WHAT YOU SHOULD DO → Although the records contain pictures, repeat only the text of every line exactly.

#### DATA TO USE

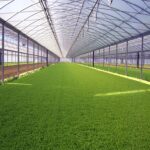 Agro-Textile-Market.jpg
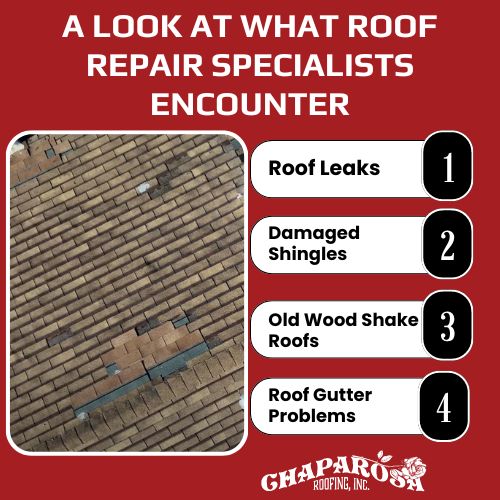 what roof repair specialists encounter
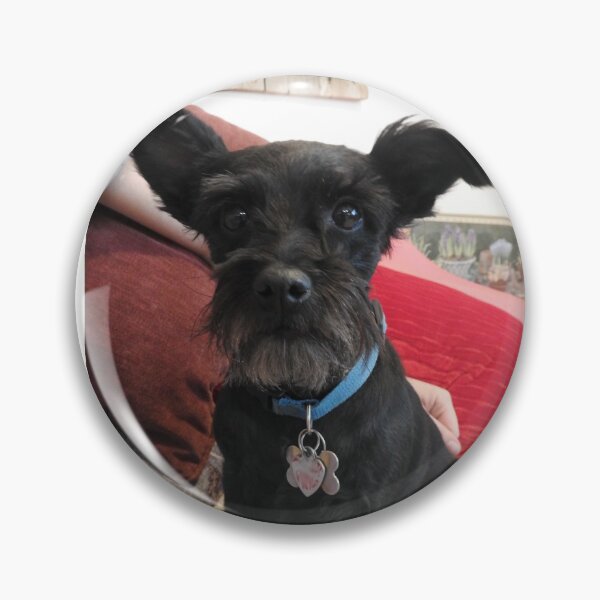 Item preview, Schnauzer negro designed and sold by Stephanie Skeem.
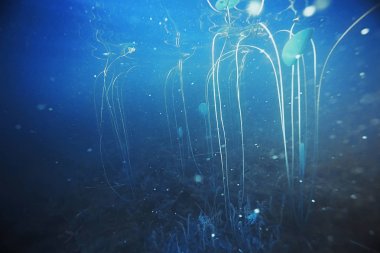 Yosun ve mercan ile deniz dibinin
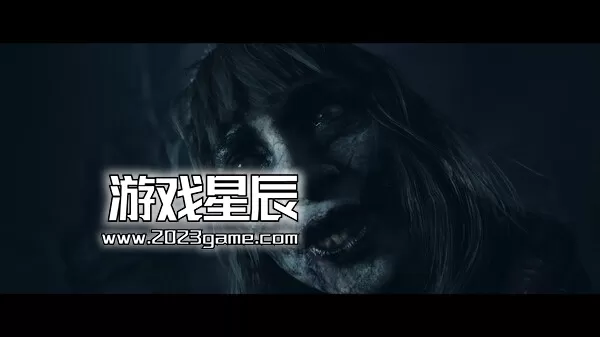 PC《直到黎明 重制版 Until Dawn》中文RUNE镜像版下载_2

########

EXERCISE RESULT →
 Agro-Textile-Market.jpg
 what roof repair specialists encounter
 Item preview, Schnauzer negro designed and sold by Stephanie Skeem.
 Yosun ve mercan ile deniz dibinin
 PC《直到黎明 重制版 Until Dawn》中文RUNE镜像版下载_2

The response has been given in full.